---- Provided information

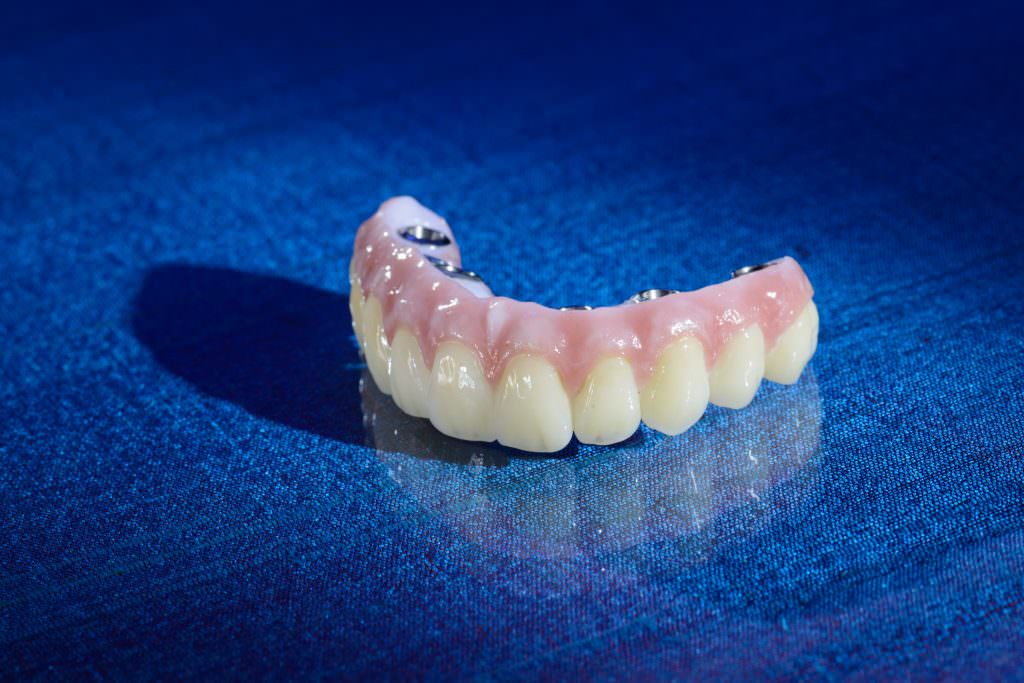 High strength monolithic zirconias ideal for use in full and single crowns and bridges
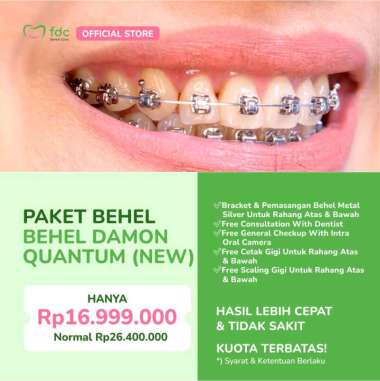 FDC Dental Clinic - Behel Damon Quantum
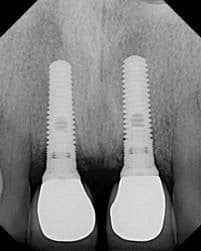 Implant X-ray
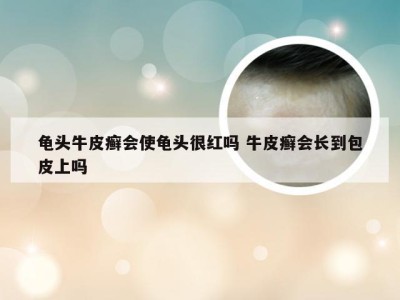 龟头牛皮癣会使龟头很红吗 牛皮癣会长到包皮上吗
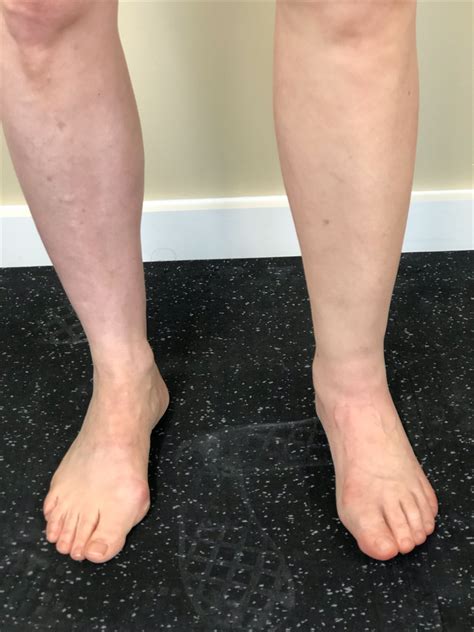 Prosthetic Silicone Skin For Amputees Prosthetic Leg Prosthetic Arm
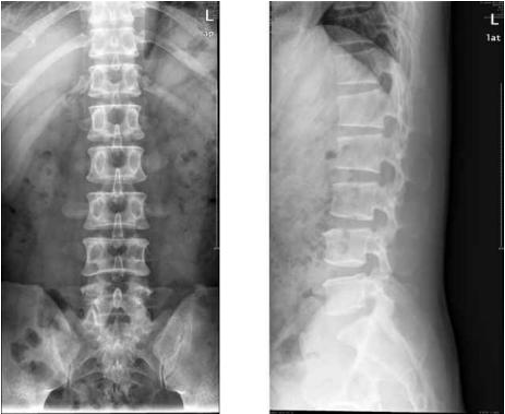 腰疼來就診，在放射科我們需要做哪些檢查？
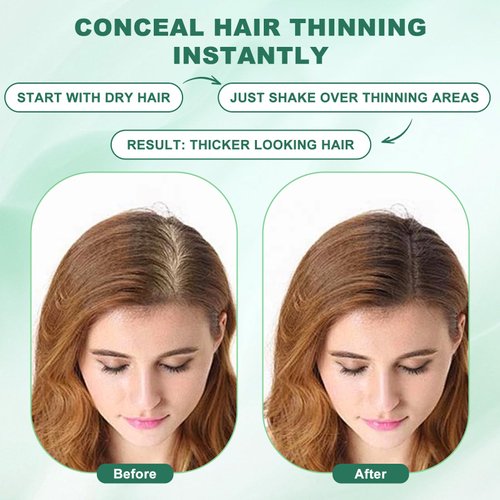 Hair Fibers (12g), Hair Fibers for Thinning Hair, Hair Building Fibers, Hairpiece Filler, Increase Hair Density, Styling Powder for Women & Men, Hair Makeup, Premium Formula Thickening (DARK BROWN)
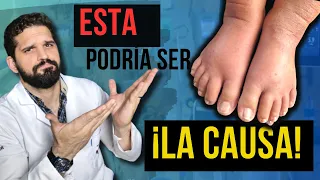 ¡MIRA! ¿Por qué tus PIERNAS  se HINCHAN? ¡Descubre las posibles causas y SOLUCIONES!✅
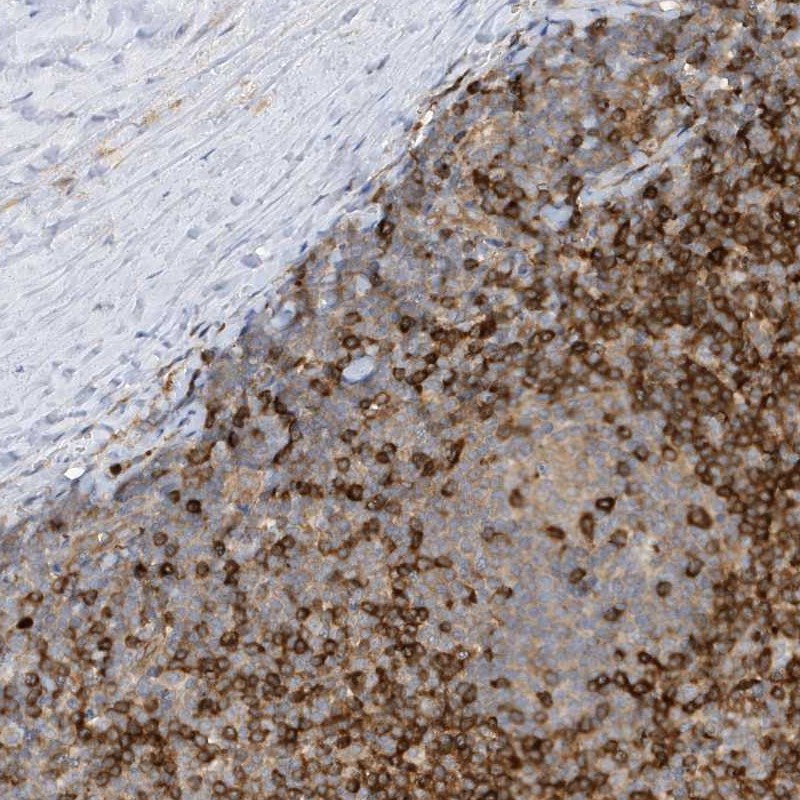 Anti-PHACTR2 Antibody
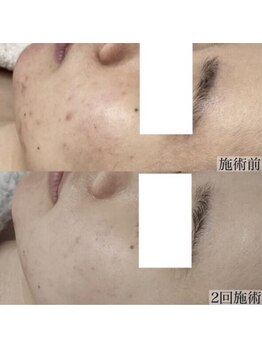 ヴェルシック(Belchic)/月1の剥けないハーブで理想へ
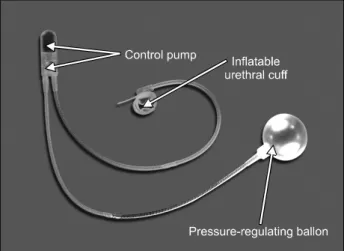 Fig. 1. Artificial urinary sphincter components. Picture provided by AMS company.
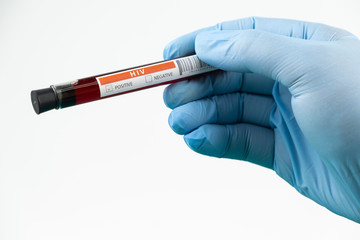 Test tube with blood sample in lab for COVID-19 test in hand of doctor wear blue glove, laboratory sample of blood testing for diagnosis new Corona virus infection, the pandemic infectious concept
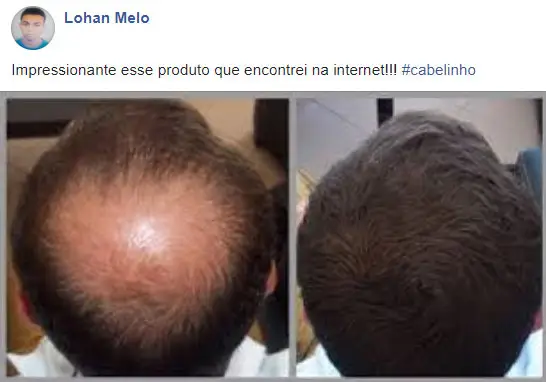 Grow Hair Tratamento antes e depois - Lohan Melo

--------

▶ Task requirements
Retype the listing exactly. Leave the pictures out.

▶ Your solution
 High strength monolithic zirconias ideal for use in full and single crowns and bridges
 FDC Dental Clinic - Behel Damon Quantum
 Implant X-ray
 龟头牛皮癣会使龟头很红吗 牛皮癣会长到包皮上吗
 Prosthetic Silicone Skin For Amputees Prosthetic Leg Prosthetic Arm
 腰疼來就診，在放射科我們需要做哪些檢查？
 Hair Fibers (12g), Hair Fibers for Thinning Hair, Hair Building Fibers, Hairpiece Filler, Increase Hair Density, Styling Powder for Women & Men, Hair Makeup, Premium Formula Thickening (DARK BROWN)
 ¡MIRA! ¿Por qué tus PIERNAS  se HINCHAN? ¡Descubre las posibles causas y SOLUCIONES!✅
 Anti-PHACTR2 Antibody
 ヴェルシック(Belchic)/月1の剥けないハーブで理想へ
 Fig. 1. Artificial urinary sphincter components. Picture provided by AMS company.
 Test tube with blood sample in lab for COVID-19 test in hand of doctor wear blue glove, laboratory sample of blood testing for diagnosis new Corona virus infection, the pandemic infectious concept
 Grow Hair Tratamento antes e depois - Lohan Melo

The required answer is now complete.